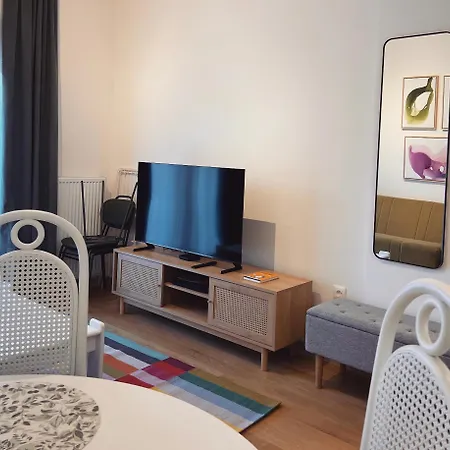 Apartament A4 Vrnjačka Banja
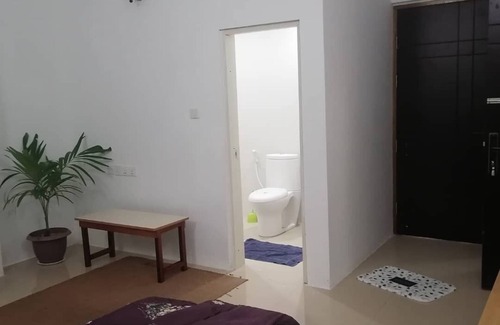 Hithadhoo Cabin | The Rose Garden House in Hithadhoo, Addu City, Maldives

==

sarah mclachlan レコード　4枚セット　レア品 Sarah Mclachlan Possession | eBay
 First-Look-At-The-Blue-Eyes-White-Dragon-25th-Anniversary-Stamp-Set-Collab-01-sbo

* * *

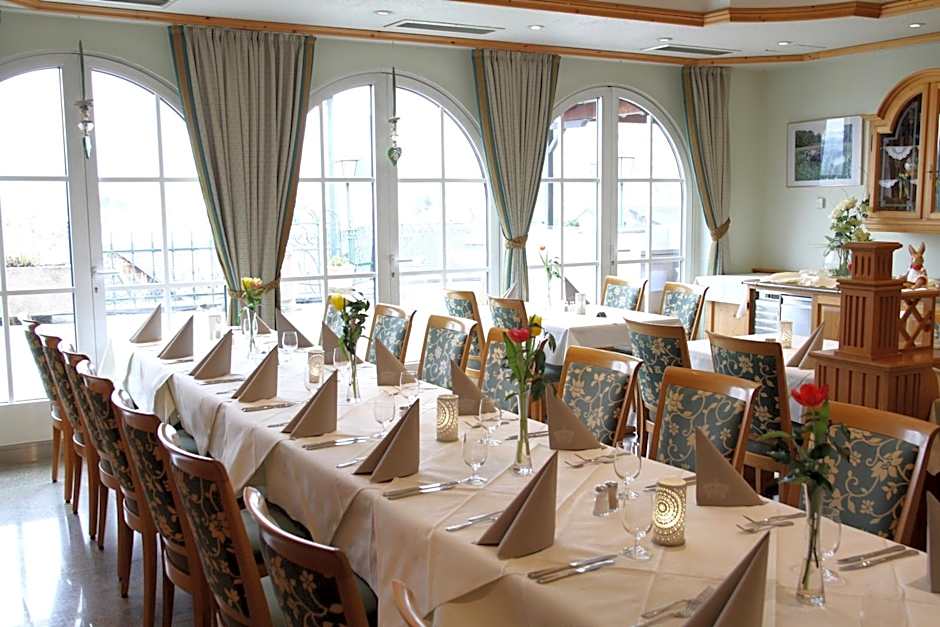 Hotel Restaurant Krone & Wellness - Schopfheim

Exercise brief -
Each line from the one that contains "Apartament A4 Vrnjačka Banja" down to the one that contains "Hithadhoo Cabin |" is to be returned exactly as it stands above, both ends included, with pictures removed.

Answer space -
 Apartament A4 Vrnjačka Banja
 Hithadhoo Cabin | The Rose Garden House in Hithadhoo, Addu City, Maldives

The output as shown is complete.